Helder Tabosa Delfino – consultor de marketing político que trabalhou na campanha de Nozinho Correa em Linhares.
"O marketing não é uma batalha de produtos, é uma batalha de percepções" (Al Ries)
Uma das eleições que mais chamou a atenção do mercado político capixaba este ano foi a disputa pela prefeitura de Linhares, no norte do Estado. A vitória do pedetista Nozinho Correa colocou fim a uma alternância de poder entre Guerino Zanon (PMDB) e José Carlos Elias (PTB).

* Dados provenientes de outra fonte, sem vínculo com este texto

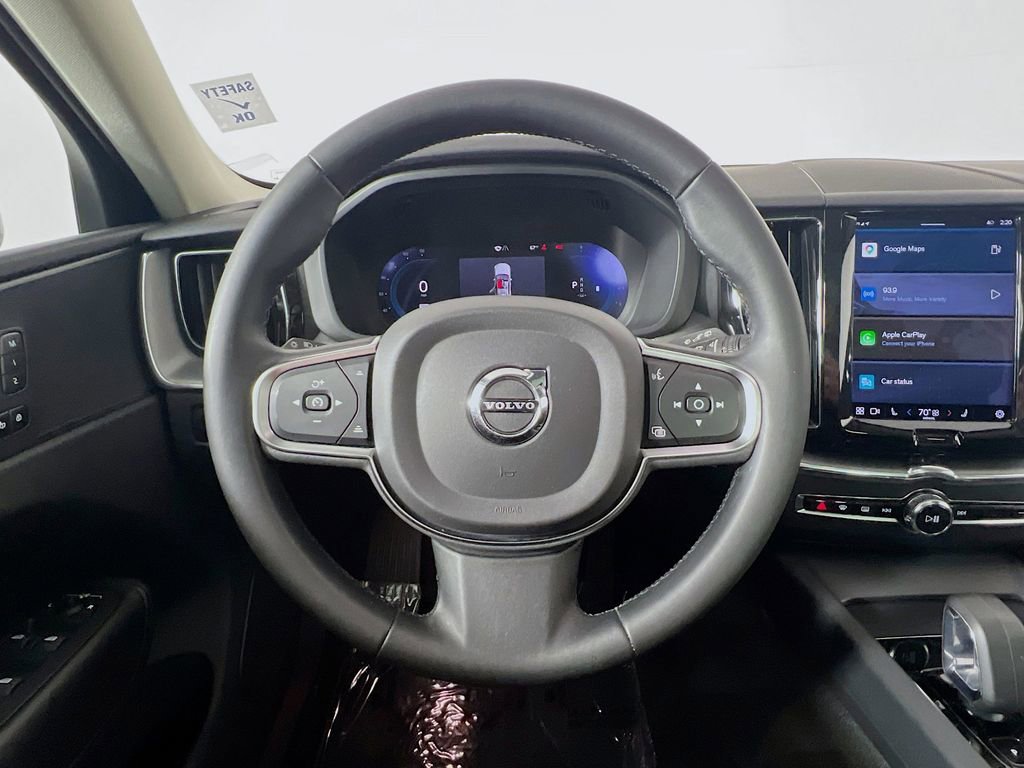 Used 2023 Volvo XC60 B5 Core AWD/4WD image 11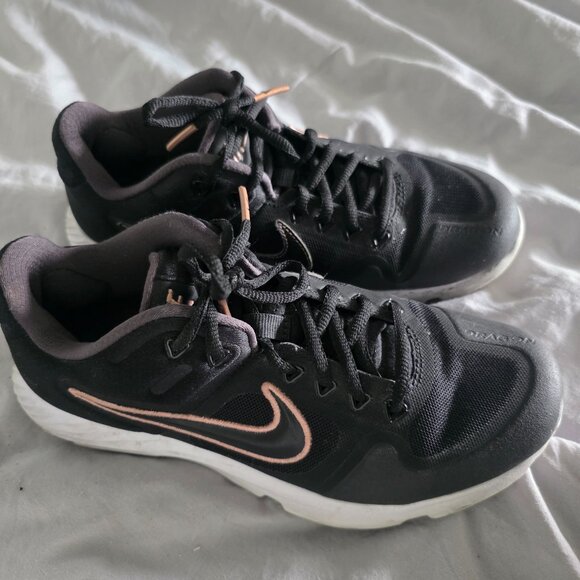 Nike womens softball turf cleat size 7 - Picture 2 of 5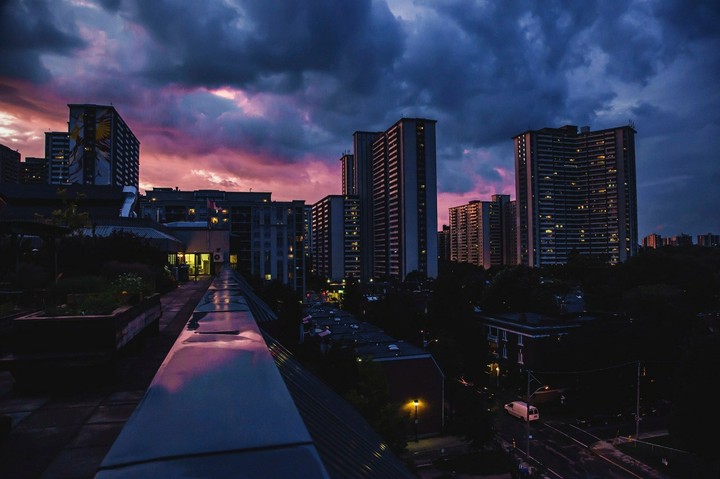 город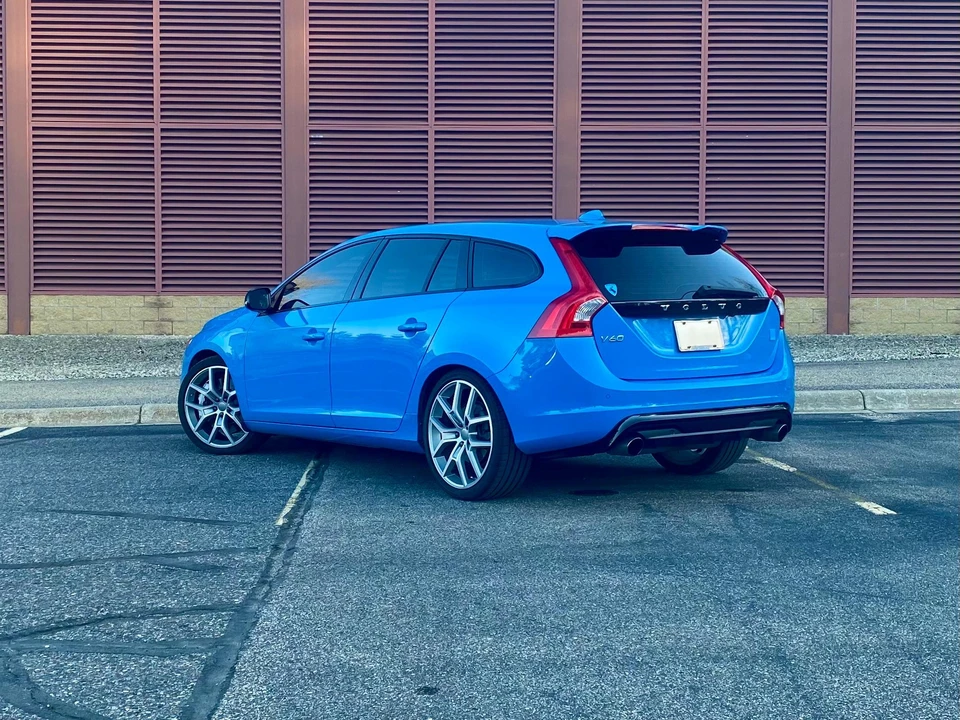 2016 Volvo V60 1st Gen - Image 11 of 31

A vitória de Nozinho, porém, não foi fácil, uma disputa apertada se travou durante toca a campanha. Mas depois de quatro tentativas, o candidato do PDT, apoiado em uma estratégia de marketing muito forte, conseguiu vencer a eleição.
Nesta entrevista, o consultor de marketing político, Helder Tabosa Delfino, que trabalhou na campanha de Nozinho, explica as estratégias adotadas pela empresa Brand Marketing e Pesquisa, para desconstruir uma imagem enraizada no imaginário popular linharense e convencer o eleitor de que Nozinho era a melhor opção para administrar a cidade. Confira a entrevista.
Século Diário – O cenário em Linhares contava com a candidatura do prefeito atual Guerino Zanon (PMDB), do deputado estadual José Carlos Elias (PTB), de outras lideranças novas e a de Nozinho Correa (PDT), que já havia disputado outras quatro vezes. Como começou o trabalho?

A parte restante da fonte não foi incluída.